1. Gesetzlicher Biotopschutz

Bei einer Vielzahl und Kleinräumigkeit bestimmter wertvoller Biotope ist eine Schutzgebietsausweisung nicht das geeignete Instrument zu ihrer Sicherung. Der Unterschied zwischen dem Gebietsschutz und dem Biotopschutz liegt darin, dass die in § 30 Abs. 2 Satz 1 BNatSchG und ergänzend in den Landesnaturschutzgesetzen aufgeführten Biotoptypen ohne vorherigen Akt der Unterschutzstellung, sondern unmittelbar durch das Naturschutzgesetz vor einer potenziellen Beeinträchtigung geschützt sind.
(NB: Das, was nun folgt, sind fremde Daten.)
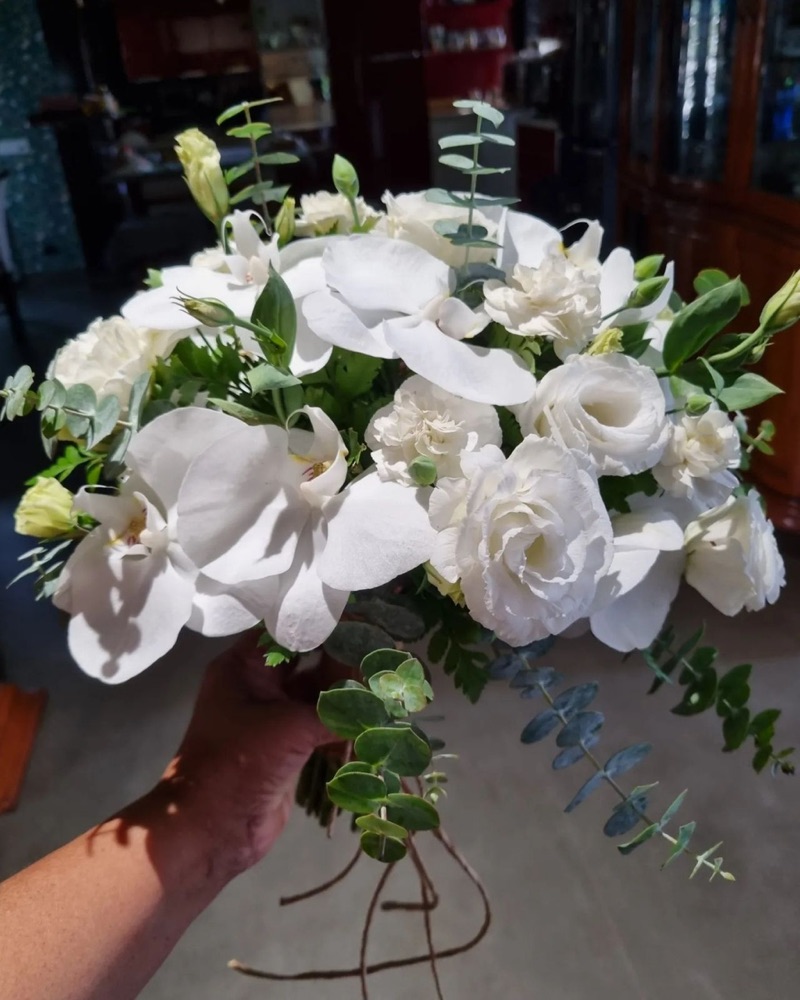 White orchid and lisianthus round bridal bouquet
Die Biotope müssen auch nicht in der Landschaft gekennzeichnet oder in einer Datenbank erfasst sein, damit der gesetzliche Biotopschutz greift.

2. Merkmale einer Streuobstwiese

Um sich der neuen Rechtslage anzunähern, lohnt ein Blick nach Hessen, wo immerhin im Außenbereich gelegene Streuobstwiesen bereits dem gesetzlichen Biotopschutz unterfielen (§ 13 Abs. 1 Nr. 2 HAGBNatSchG) und sich deswegen der Verwaltungsgerichtshof in Kassel bereits mit der juristischen Definition einer Streuobstwiese befasst hat (Urteil vom 14.08.2018, Az.: 4 A 589/17). Anlass war, dass eine Landwirtin die Feststellung begehrte, dass sie berechtigt sei, eine seit zirka 65 Jahren bestehende Erwerbsobstanlage mit 25 Obststämmen (Süßkirschen) auf einem über 2.000 m² großen Grundstück in Wiesbaden-Frauenstein zu roden. Das Umweltamt der Stadt Wiesbaden hatte die Genehmigung versagt. Demgegenüber meinte die Klägerin, es liege kein gesetzlich geschütztes Biotop „Streuobstbestand“ vor, da nur 10 der insgesamt 25 Obstbäume eine Stammhöhe von mindestens 1,60 m erreichten. Es liege zudem keine überwiegende Bewirtschaftung mit regionaltypischen Süßkirschensorten vor, denn die verwendeten Sorten „Schneiders Rote Knorpelkirsche“ und „Hedelfinger Riesen“ würden weltweit angebaut. Mehrmals pro Jahr werde der Boden mit mineralischem Kunstdünger versehen und zirka zehnmal im Jahr die Blätter mit Pflanzenschutzmitteln gespritzt.

Damit lag ein Grenzfall vor, weswegen der Hessische Verwaltungsgerichtshof eine grundlegendere Definition einer Streuobstwiese beziehungsweise Merkmale zur Abgrenzung vom Plantagenobstanbau vornehmen musste. Das Gericht hat in seinem Urteil die folgenden fünf Kriterien zu dessen Definition herausgehoben:

Es ist erforderlich, dass derObstbaumbestand zu über 50 % aus hochstämmigen Obstbäumen besteht (mindestens 1,60 m Stammhöhe); denn je höher der Stamm, desto größer die Artenvielfalt. Ein hoher Stamm dient zum Beispiel als Habitat von Spechten und Höhlenbewohnern und je höher der Stamm ist, desto größere Bedeutung hat der Baum beispielsweise für bodenbewohnende Tiere, Flechten, Moose und Pilze.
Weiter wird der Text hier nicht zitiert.